[The Red Acorn by John McElroy]@TWC D-Link book
The Red Acorn

CHAPTER II
2/11

His course at the seminary and college naturally developed this into a snobbish assumption that he was of finer clay than the commonality, and in some way selected by fortune for her finer displays and luxurious purposes.
I have termed this a "sterile selfishness," to distinguish it from that grand egoism which in large minds is fruitful of high accomplishments and great deeds, and to denote a force which, in the sons of the average "rich" men of the county seats, is apt to expend itself in satisfaction at having finer clothes and faster horses and pleasanter homes, than the average--in a pride of white hands and a scorn of drudgery.
When Harry signed his name upon the recruiting roll--largely impelled thereto by the delicately-flattering suggestion that he should lead off for the youth of Sardis--he had not the slightest misgiving that by so doing he would subject himself to any of the ills and discomforts incidental to carrying out the enterprise upon which they were embarking.
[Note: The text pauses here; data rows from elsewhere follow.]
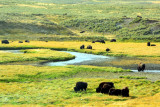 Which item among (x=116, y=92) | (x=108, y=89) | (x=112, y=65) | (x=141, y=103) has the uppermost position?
(x=112, y=65)

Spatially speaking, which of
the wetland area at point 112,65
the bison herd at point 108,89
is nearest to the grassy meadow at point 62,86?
the wetland area at point 112,65

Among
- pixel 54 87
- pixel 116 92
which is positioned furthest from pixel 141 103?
pixel 54 87

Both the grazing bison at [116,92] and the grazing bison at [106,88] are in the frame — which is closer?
the grazing bison at [116,92]

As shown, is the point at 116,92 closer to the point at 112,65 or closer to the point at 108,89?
the point at 108,89

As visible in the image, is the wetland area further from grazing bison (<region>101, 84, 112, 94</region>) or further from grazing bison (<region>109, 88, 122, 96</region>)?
grazing bison (<region>109, 88, 122, 96</region>)

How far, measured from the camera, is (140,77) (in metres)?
35.5

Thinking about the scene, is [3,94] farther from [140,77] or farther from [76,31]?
[76,31]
He, like every one else, had no very clear idea of what the company would be called upon to do or undergo; but no doubt obtruded itself into his mind that whatever might be disagreeable in it would fall to some one else's lot, and he continue to have the same pleasant exemption that had been his good fortune so far through life.
And though the company was unexpectedly ordered to the field in the rugged mountains of Western Virginia, instead of to pleasant quarters about Washington, there was nothing to shake this comfortable belief.
The slack discipline of the first three months' service, and the confusion of ideas that prevailed in the beginning of the war as to military duties and responsibilities, enabled him to spend all the time he chose away from his company and with congenial spirits, about headquarters, and to make of the expedition, so far as he was concerned, a pleasant picnic.

Occasionally little shadows were thrown by the sight of corpses brought in, with ugly-looking bullet holes in head or breast, but these were always of the class he looked down upon, and he connected their bad luck in some way with their condition in life.

Doubtless some one had to go where there was danger of being shot, as some one had to dig ditches and help to pry wagons out of the mud, but there was something rather preposterous in the thought that anything of this kind was incumbent upon him.
The mutterings of the men against an officer, who would not share their hardships and duties, did not reach his ears, nor yet the gibes of the more earnest of the officers at the "young headquarter swells," whose interest and zeal were nothing to what they would have taken in a fishing excursion.
It came about very naturally and very soon that this continual avoidance of duty in directions where danger might be encountered was stigmatized by the harsher name of cowardice.

Neither did this come to his knowledge, and he was consequently ignorant that he had delivered a fatal stab to his reputation one fine morning when, the regiment being ordered out with three days' rations and forty rounds of cartridges, the sergeant who was sent in search of him returned and reported that he was sick in his tent.